Another interesting angle in this case is the prolonged survival past 6 years post-diagnosis recorded in this patient with advanced stage lung cancer despite the fact that he only received two different lines of chemotherapy regimens, i.e. platinum doublet and single agent pemetrexed. The median survival for patients with stage IIIB non-small cell lung cancer treated with chemotherapy and radiation is approximately 20 months [23, 24]. Whether the chronic activation of the immune system by his echinococcal disease contributed to this outcome is only a mere conjecture.

However, it has been previously noted that active infection can modulate the course of cancer. An idea was first mooted in the mid-1800s based on the observation of a high rate of regressions of soft tissue sarcoma in patients whose disease was complicated by acute streptococcal infections [25, 26]. Similar observations were later reported in the mid-1900s in a series of retrospective studies demonstrating an association between febrile illness and spontaneous regression of cancer [25]. Further support came from mouse models showing spontaneous regression of transplanted tumors in mice infected with various infectious agents such as toxoplasma, Listeria monocytogenes, and Corynebacterium parvum [27, 28]. There is also evidence of a cytotoxic immune response in the setting of acute infection leading to suppression of tumor growth in part through the action of interferon gamma, a cytokine produced by Th1 helper cell [29-31]. There also could be some synergistic effect of chemotherapy and albendazole given the overlapping mechanisms of action. Indeed, preclinical work in lung cancer models showed a synergistic anticancer activity between niclosamide and erlotinib, a kinase inhibitor of epidermal growth factor receptor [32, 33].

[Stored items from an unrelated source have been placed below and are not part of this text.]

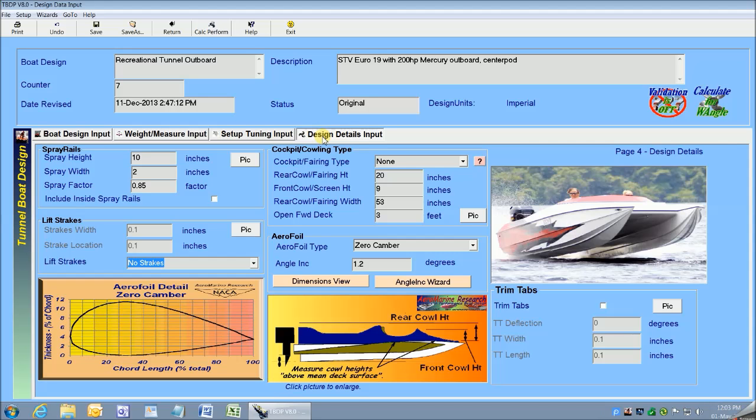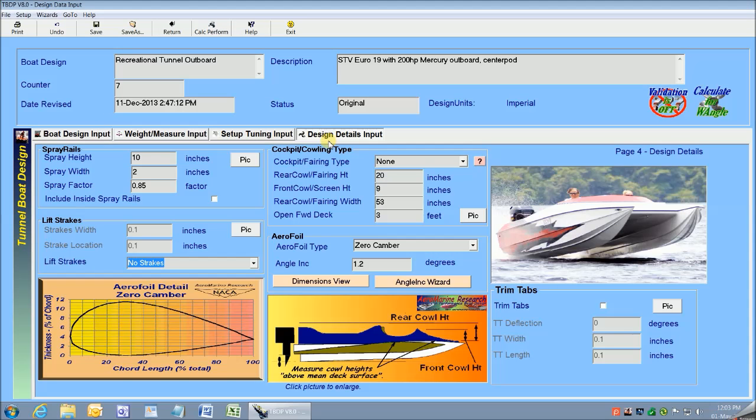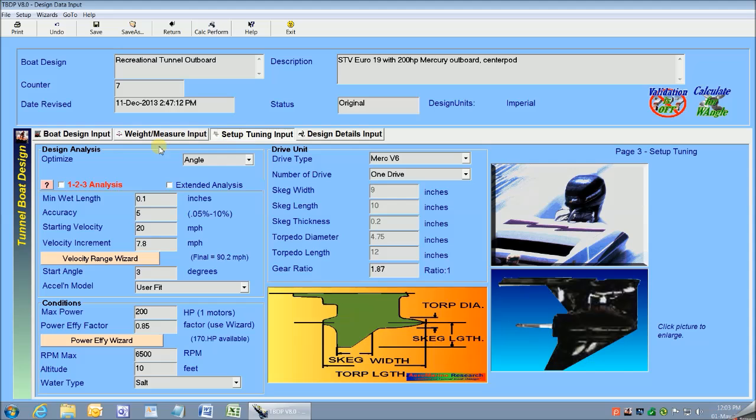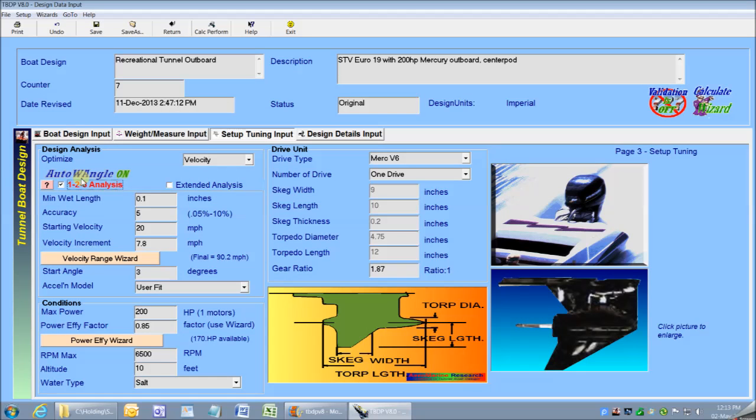The Auto 1-2-3 wizard is activated on input screen number 3 in the design analysis frame. So I'll just put a checkmark in the 1-2-3 analysis checkbox. The program is now set to automatically adjust the setup parameters to reach the maximum limiting velocity, and then adjust the trim angle through the full velocity range of the performance analysis.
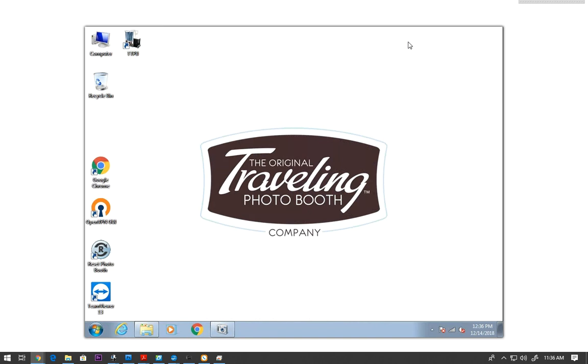Hey Gabrielle, it's Jeg about the Traveling Photobooth. I am logged into your Photobooth. What you see on your screen right here is your Photobooth.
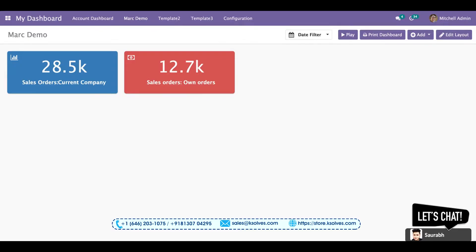Okay, so we will be understanding the functionality of it. To explain you this function in a better way, I have already made one tile which will be showing you the order as per the user logged in.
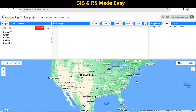In this video we will learn about how to create a dropdown select in Google Earth Engine. From that dropdown select we will select any country and show that country boundary in the map.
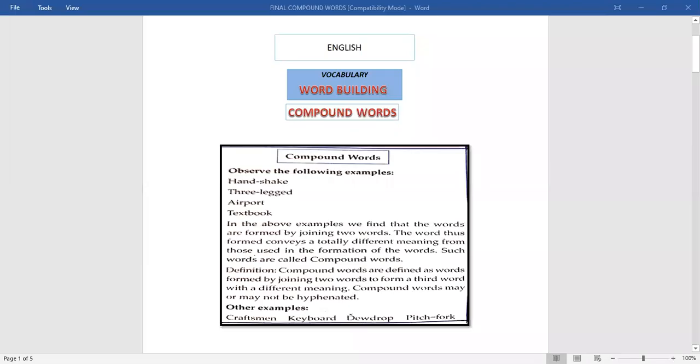I am going to discuss with you compound words today. Compound words play a very vital role especially when it comes to understanding vocabulary in English. I will be sharing the screen with you and you will be able to see it. Compound words come under the topic of vocabulary — today we will be taking up vocabulary as well as word building. Vocabulary, word building, and compound words.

In conclusion, we report an interesting observation of potential efficacy of established anticancer chemotherapy agents against echinococcal disease. Serendipitous observations such as this have the potential to stimulate novel approaches to the treatment of patients with recalcitrant echinococcal disease.


The authors have no relevant disclosures or conflict of interest to declare.

Grant Support

TKO was supported in part by the National Institute of Health/National Cancer Institute grant 1K23CA164015 and the Georgia Cancer Coalition.